Segment Open

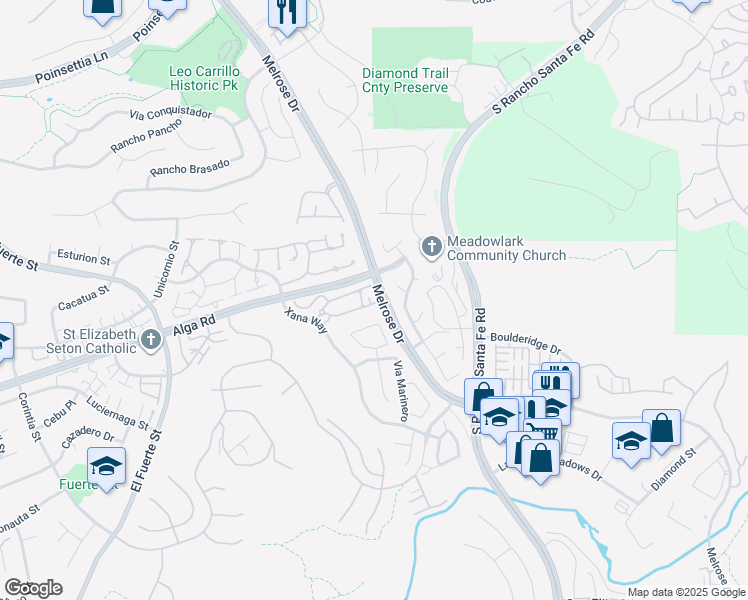 map of restaurants, bars, coffee shops, grocery stores, and more near 6616 Corte Real in Carlsbad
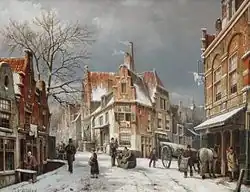 Winter in Enkhuizen, Ecke Dijk und Sint Jansstraat, 1892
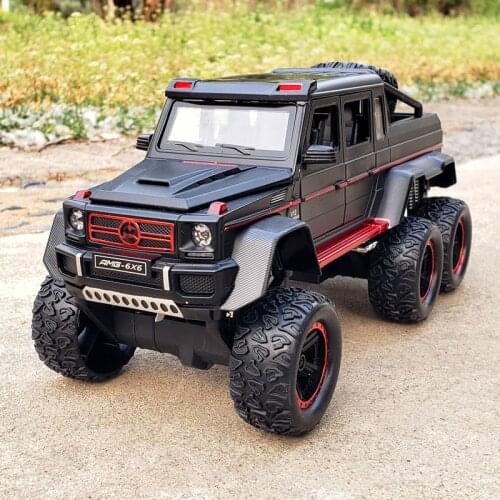 1:32 6WD Diecast metal Off Road SUV Car Model Vehicles BENZ AMG G63 6X6 Wheels baby kids toys for children Glowing Gift Car Toy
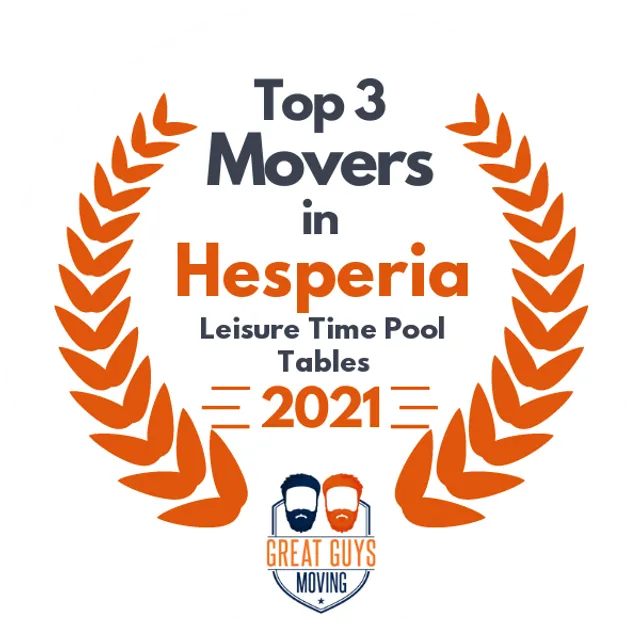 Top 3 Movers in Hesperia, CA 2021 award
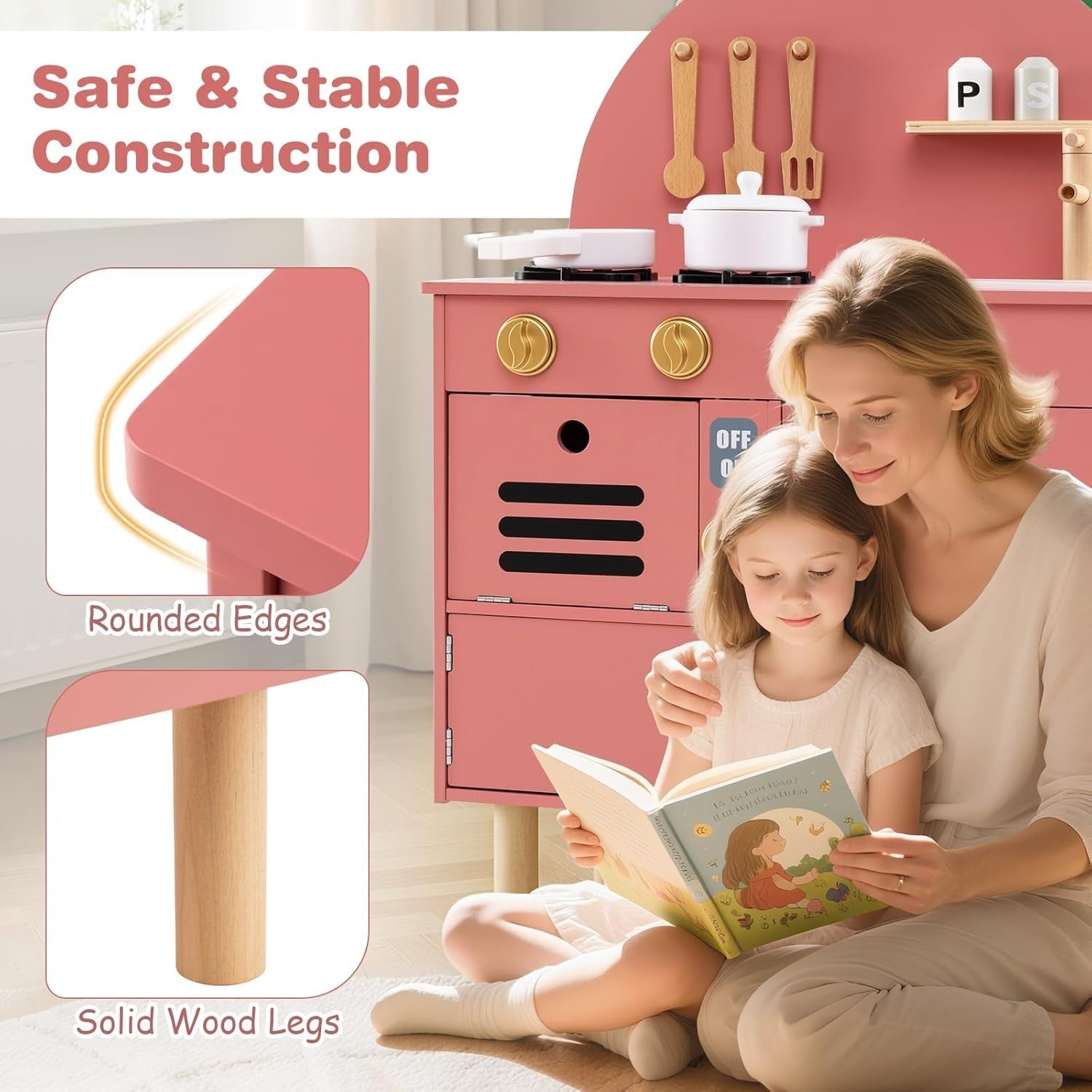 Kids Wooden Play Kitchen Pink Pretend Cooking Toy Set Accessories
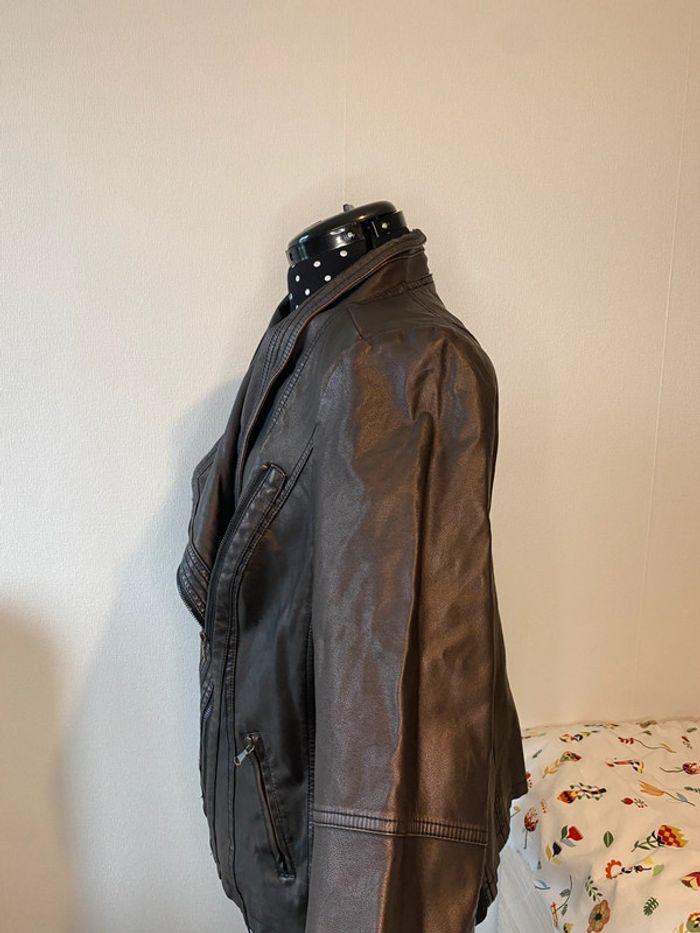 Veste similicuir bi matière marron brillant et noir M&S Mode taille 3XL / 46 - photo numéro 5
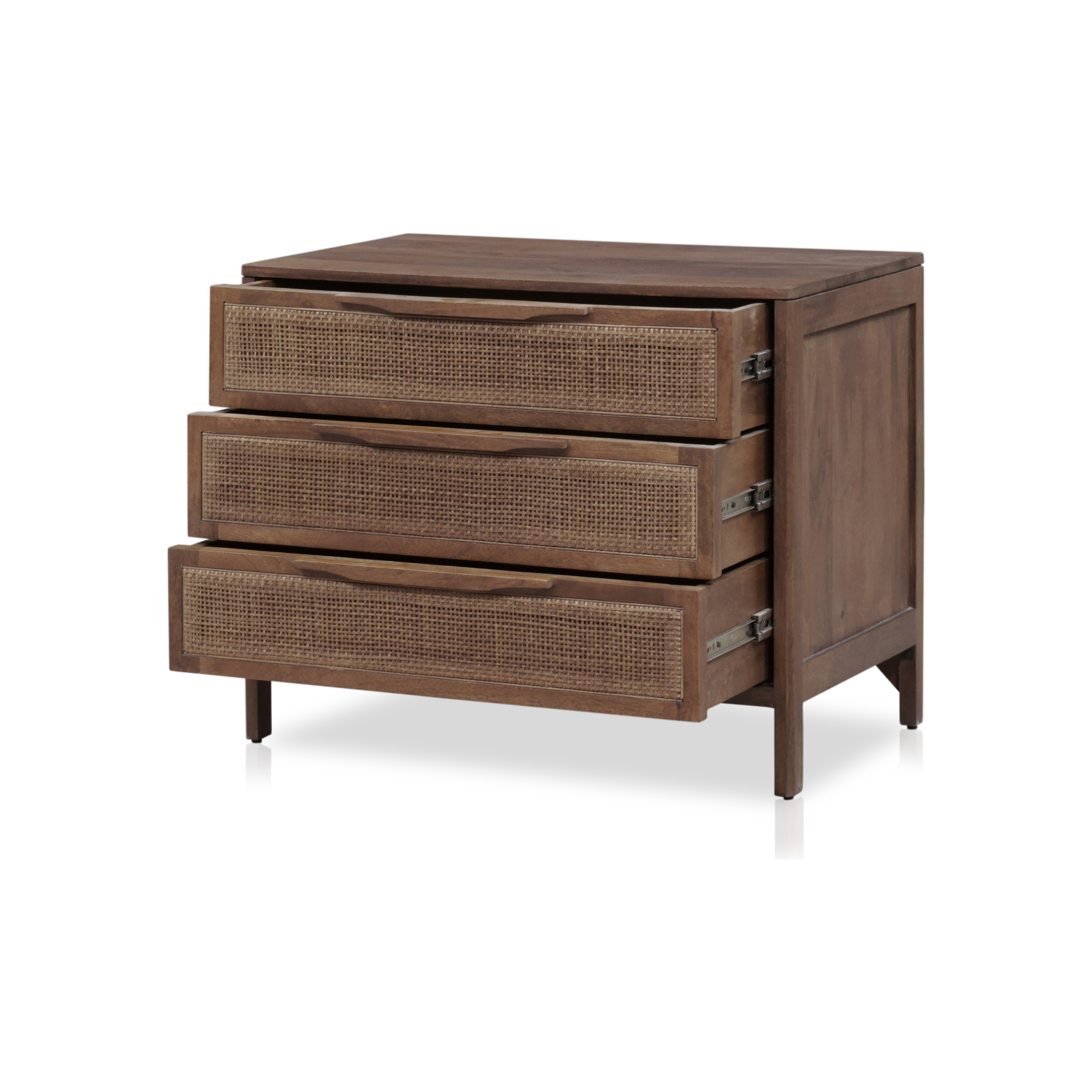 Featuring Sydney Large Nightstand - Brown Wash Mango by Four Hands at Amethyst Home. Brown-washed solid mango encases inset woven cane, for a textural take on bedside storage.
Overall Dimensions: 32"W x 19"L x 26"HColors:  Brown Wash, Brown CaneMaterials: Solid Mango , CaneWeight: 65.7. Amethyst Home provides interior design, new construction, custom furniture and area rugs in the Newport Beach metro area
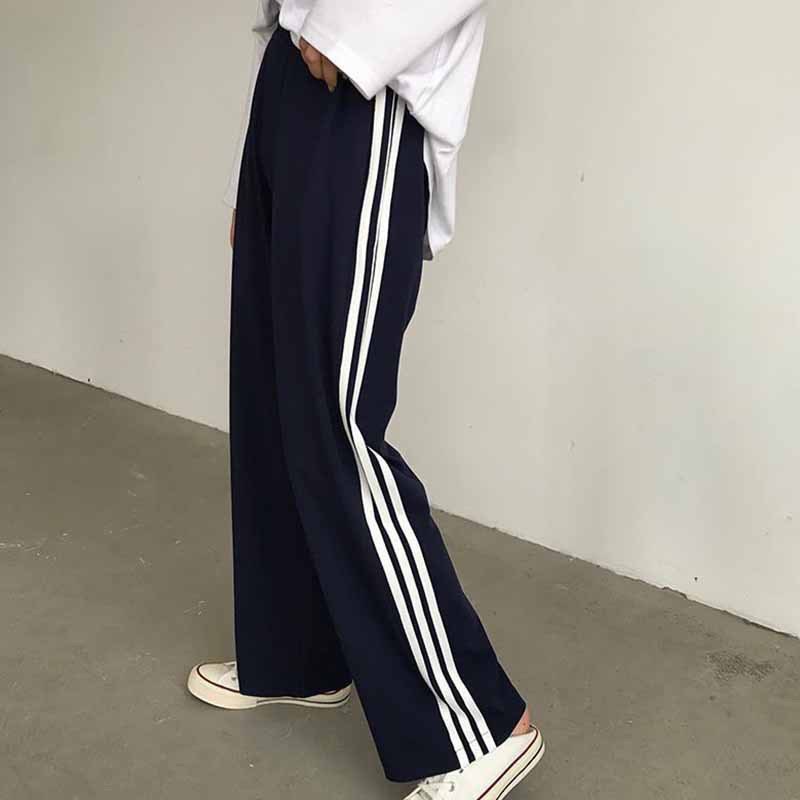 Quần thể thao dáng rộng ống suông cạp chun kẻ sọc viền dáng unisex - Q452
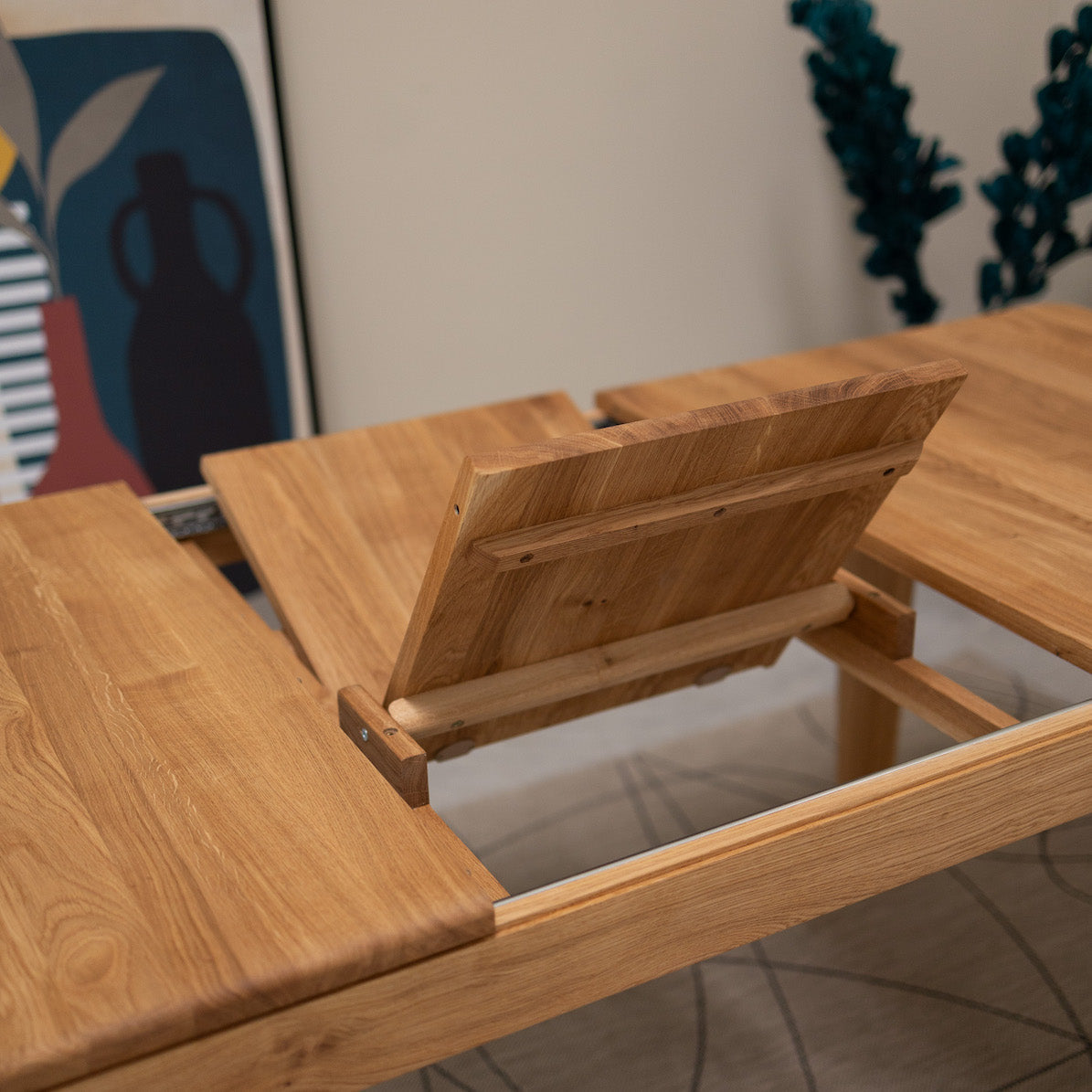 VESKOR Mesa de comedor extensible rectangular de madera de roble DANIA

Segment Closed

Take only the lines above from the one that has "Featuring Sydney Large" through the one that has "Beach metro area" and reproduce them exactly, omitting any pictures.

 Featuring Sydney Large Nightstand - Brown Wash Mango by Four Hands at Amethyst Home. Brown-washed solid mango encases inset woven cane, for a textural take on bedside storage.
Overall Dimensions: 32"W x 19"L x 26"HColors:  Brown Wash, Brown CaneMaterials: Solid Mango , CaneWeight: 65.7. Amethyst Home provides interior design, new construction, custom furniture and area rugs in the Newport Beach metro area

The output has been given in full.